A spokeswoman for the University Hospital of South Manchester NHS Foundation Trust (UHSM) said it had followed national guidelines.
A statement from the trust said it would not be able to comment on the case while the trust responds to an official complaint made by the family.
"At UHSM we follow guidelines for organ retrieval which are based on the national guidelines set by UKTS (the UK Transplant Service) formerly, now NHSBT (NHS Blood and Transplant).
"The issue of recipient choice has also been thoroughly reviewed in our unit in the past 12 months.
"There is a standard criteria for accepting a donor organ(s), on the basis on clinical evidence, which forms part of the discussion with patients at their assessment.
"Because the number of lung donors is extremely low and 30% of lung recipients die before getting a transplant, UHSM and other transplant centres have extended their criteria.
"This is increasing the number of viable lungs available for donation that are still considered to be 'safe'.
"In the event that there are factors or issues surrounding the donor which are deemed to make the donation of higher risk, we will discuss these concerns directly with the recipient, e.g. drug use or a particular event in the donor's life.

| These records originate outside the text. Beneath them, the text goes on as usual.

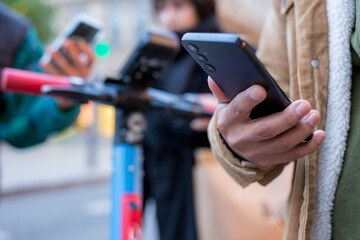 People using smartphones near electric scooters in urban setting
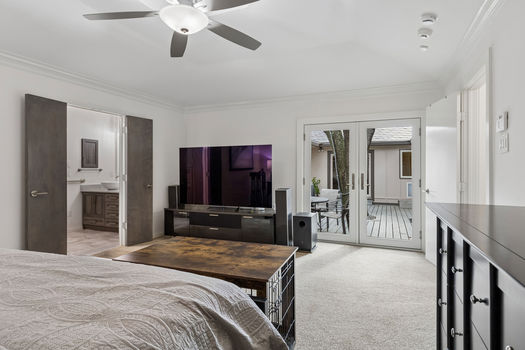 Primary bedroom with French doors to the courtyard | 9020 Glen Springs Dr, Dallas, TX 75243 | Lake Highlands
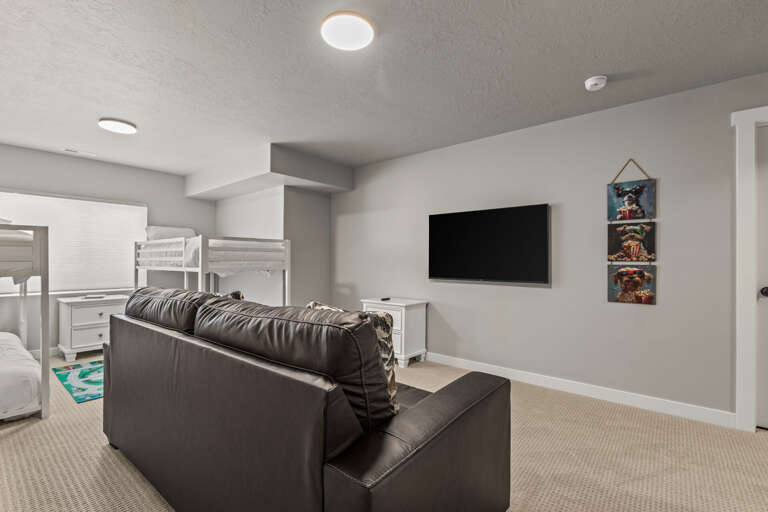 Unwind in your cozy living area with comfortable seating, wall-mounted TV, and bunk beds perfect for family gatherings.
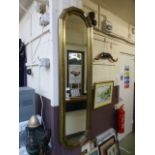 A gilt framed mirror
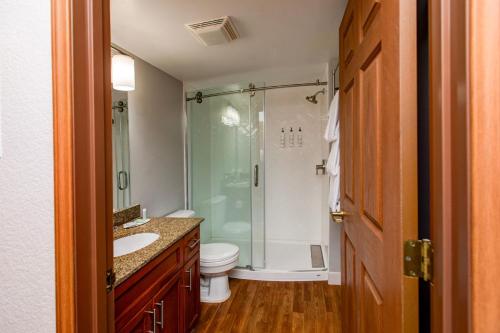 a bathroom with a shower and a toilet and a sink at TownePlace Suites Denver Southwest/Littleton in Littleton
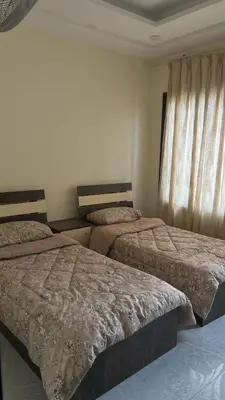 a bedroom with two beds and a window at شاليهات إيليت بانوراما فيو in Jerash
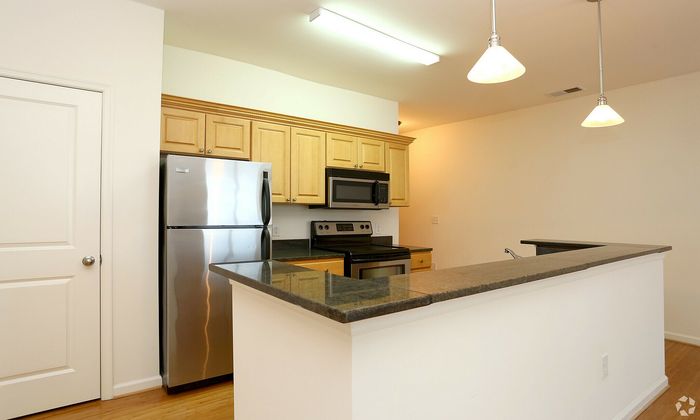 Bright kitchen interior with stainless steel appliances, wooden cabinets, and granite countertops.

"At UHSM we have an excellent track record in successful organ transplantation and our programme has one of the lowest early mortality rates in the UK."
Joyce Robins, co-director of Patient Concern, told BBC Breakfast: "Most patients would say that they should be informed of any pertinent fact. If the family are saying that she would have refused a transplant had she known, then that is an important issue."
She added: "You can't buy a pair of nice new organs from a shelf.
"They have all been used somehow, and therefore it is viability that is important, it is for the surgeon to put that to the patient and say 'We believe that these are good lungs and they will do you well'.
"It is for the patient to say ' Well, OK, I'll take my chance, that is fine'... or to say 'No, thank you, I would prefer not to do that'."